* [EXERCISE PROMPT]
Set down, please, the line that contains "A young father" and every line that follows it to the end of the records, exactly; do not include pictures.

* [SUPPLIED RECORDS]
::::::::

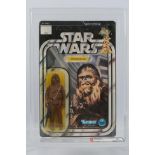 Kenner - Star Wars - Graded Figure - An AFA graded 1978 Kenner Chewbacca figure on card,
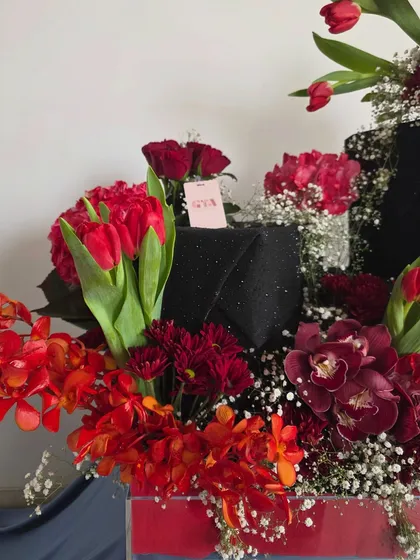 A close-up detail of the Neetu Singh Kapoor arrangement, focusing on the vibrant red tulips and the elegant, shimmering black gift box.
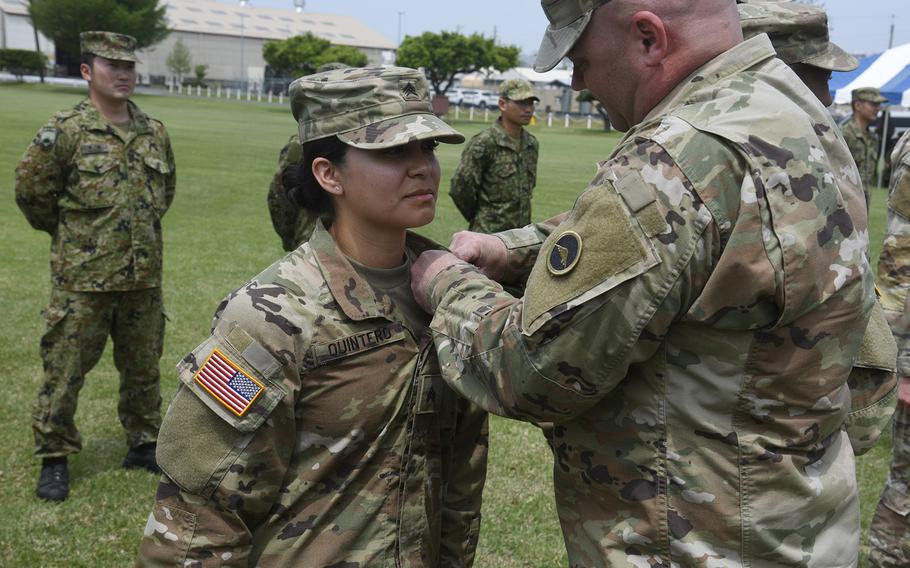 Sgt. Leslie Quinteros receives her U.S. Army Expert Soldier Bage at Sagami General Depot, Japan, April 26, 2024.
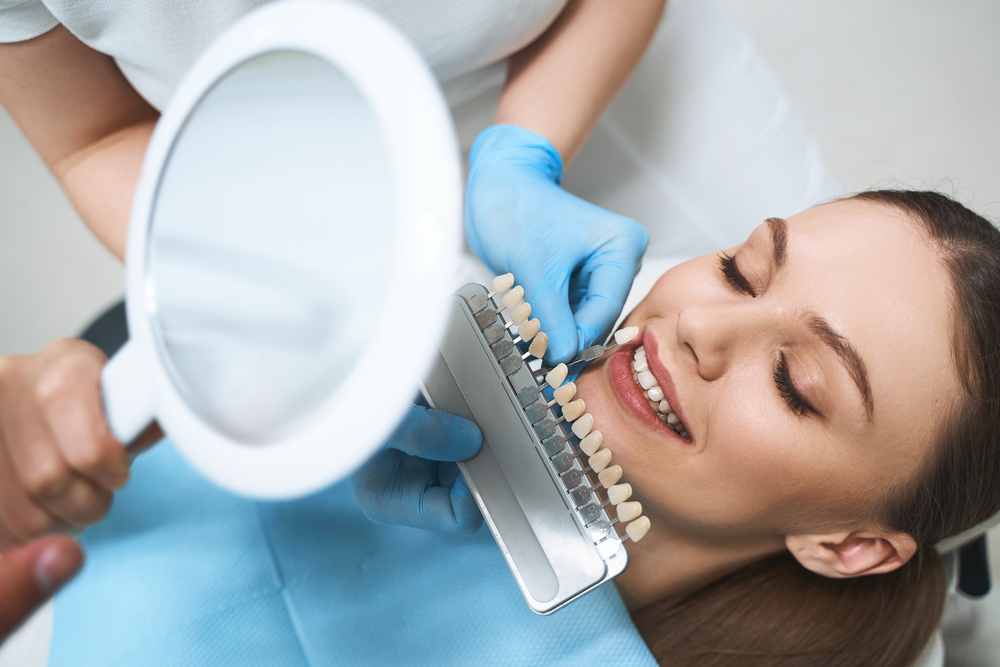 Porcelain Veneers in La Mesa, CA: Shade Matching Dentist holding a veneer shade guide beside a smiling woman's teeth to match color for porcelain veneers in La Mesa, CA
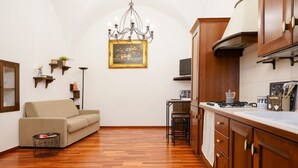 Eine moderne Küche mit Holzausstattung, einem Essbereich inklusive Sofa und einer Kronleuchter.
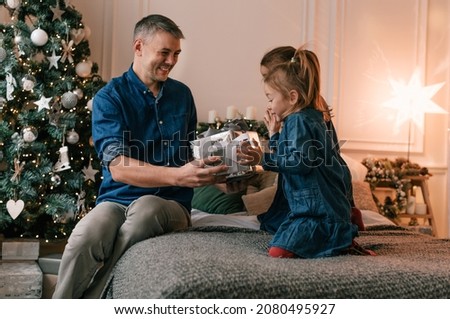 A young father gives Christmas gifts to his smiling daughters near a decorated Christmas tree.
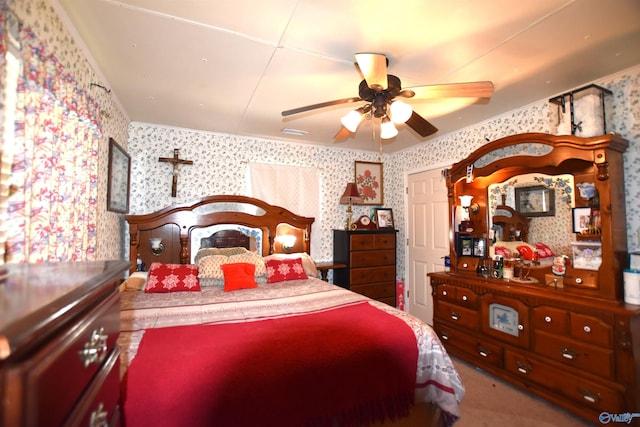 carpeted bedroom with visible vents, ceiling fan, and wallpapered walls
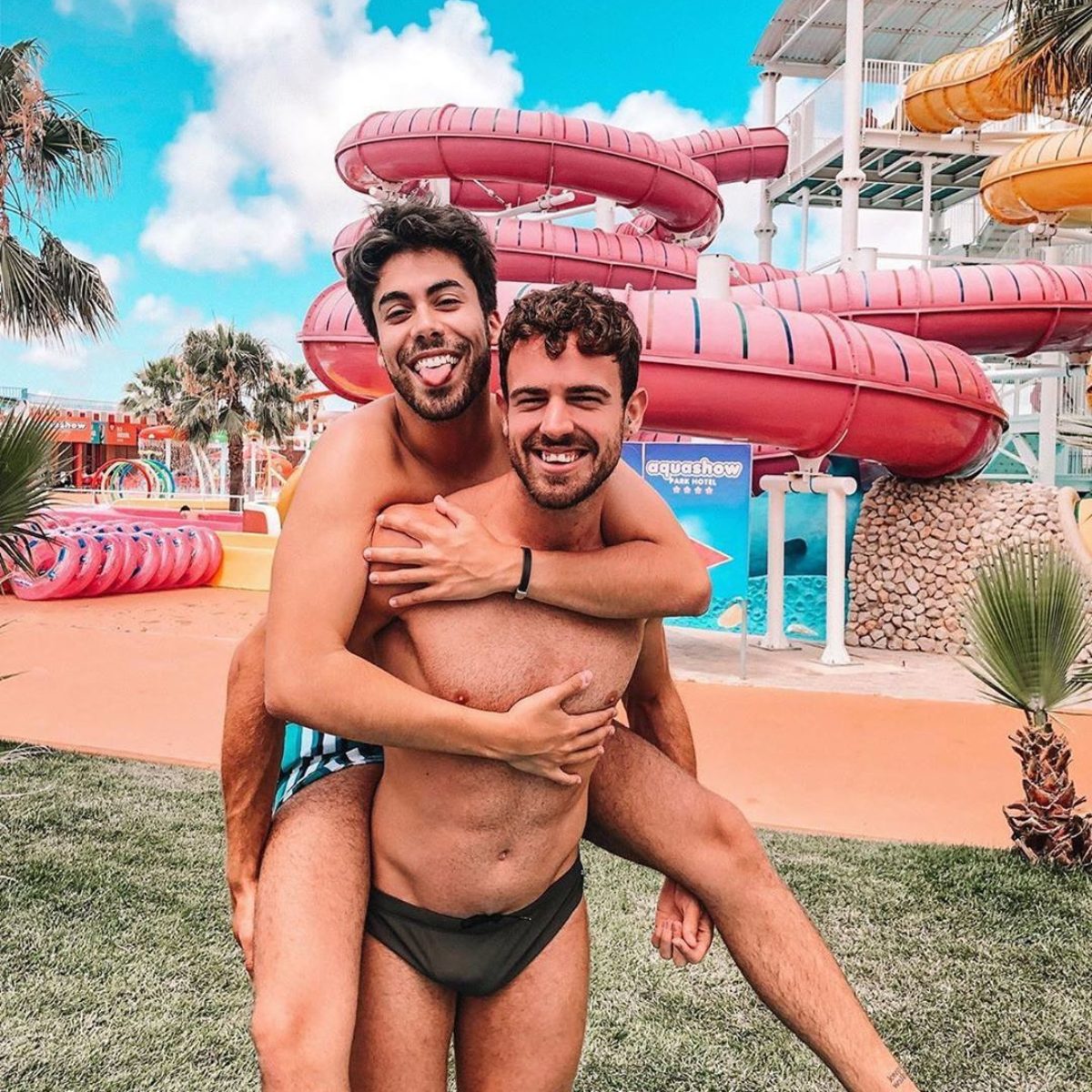 Couple of men having fun at water park in Algarve, Portugal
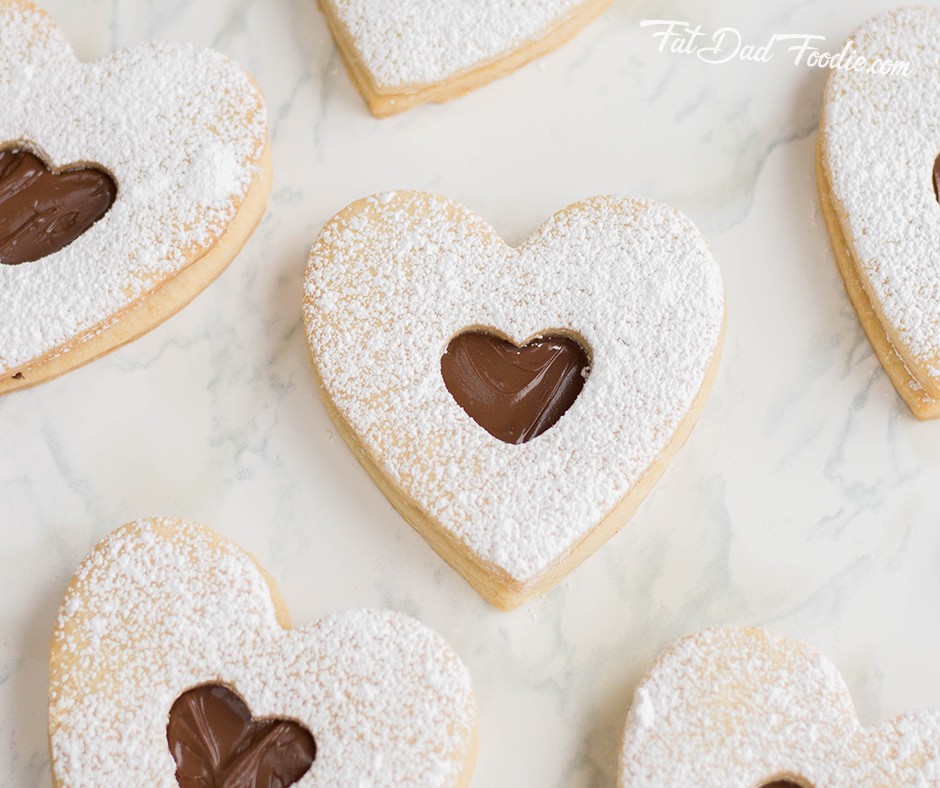 Heart shaped sugar cookies with nutella filling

::::::::

* [RESULT BELOW]
 A young father gives Christmas gifts to his smiling daughters near a decorated Christmas tree.
 carpeted bedroom with visible vents, ceiling fan, and wallpapered walls
 Couple of men having fun at water park in Algarve, Portugal
 Heart shaped sugar cookies with nutella filling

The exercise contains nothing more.